Line by line, give the data again exactly as it appears, but without pictures.

*** Opening of Dataset content ***

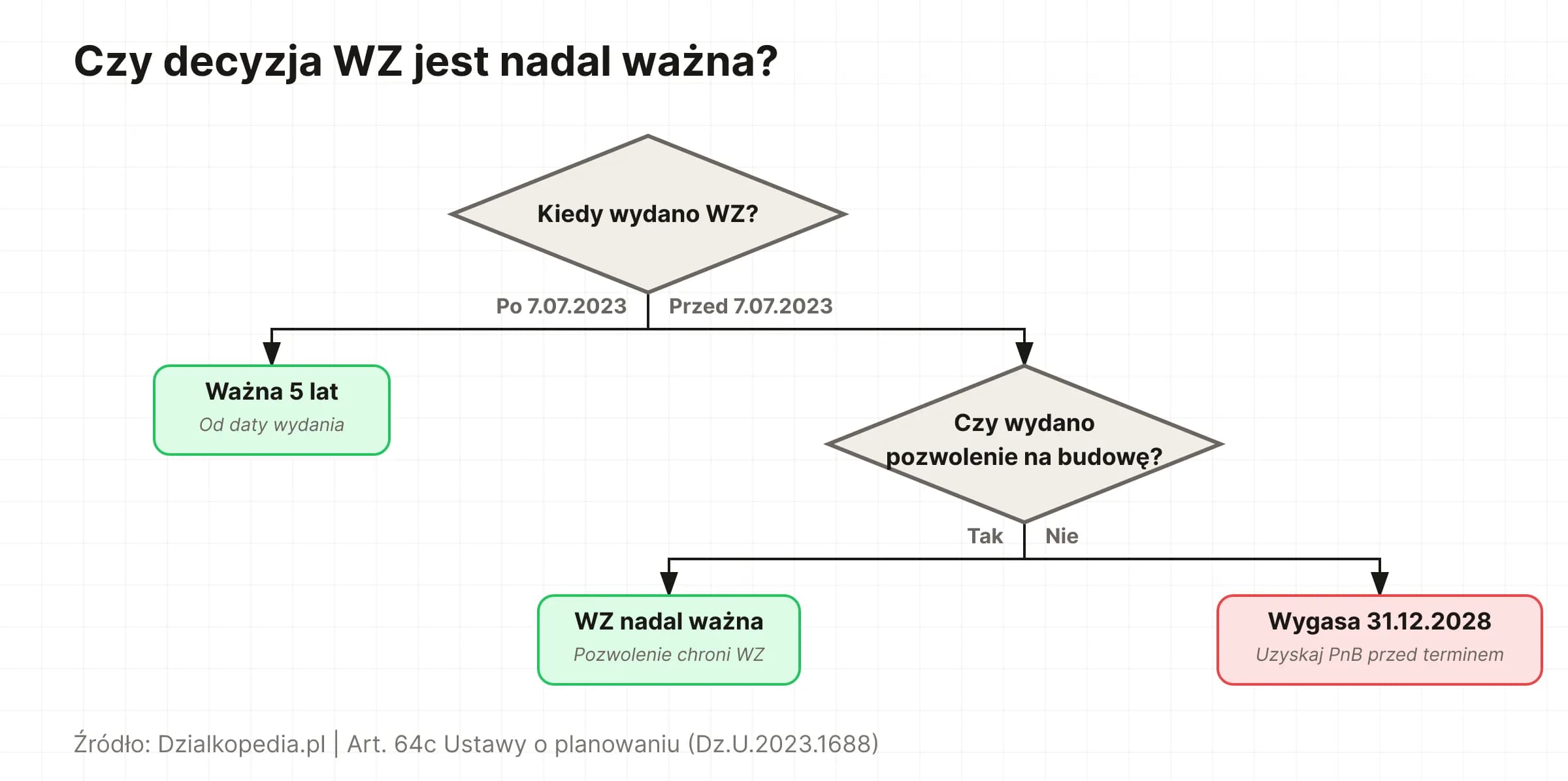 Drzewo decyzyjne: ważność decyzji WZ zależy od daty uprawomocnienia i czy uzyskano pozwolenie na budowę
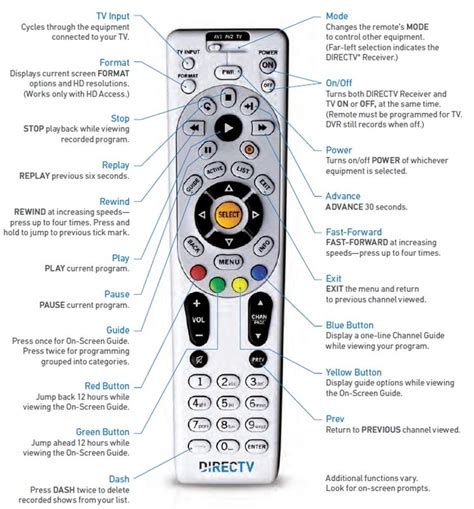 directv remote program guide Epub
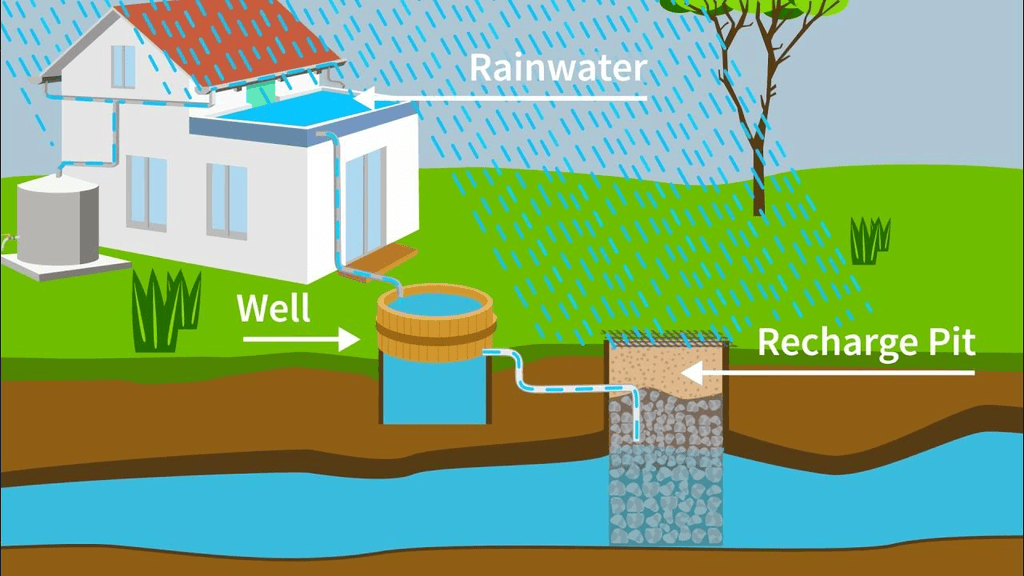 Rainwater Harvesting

*** Close of Dataset content ***

_Reply_:
 Drzewo decyzyjne: ważność decyzji WZ zależy od daty uprawomocnienia i czy uzyskano pozwolenie na budowę
 directv remote program guide Epub
 Rainwater Harvesting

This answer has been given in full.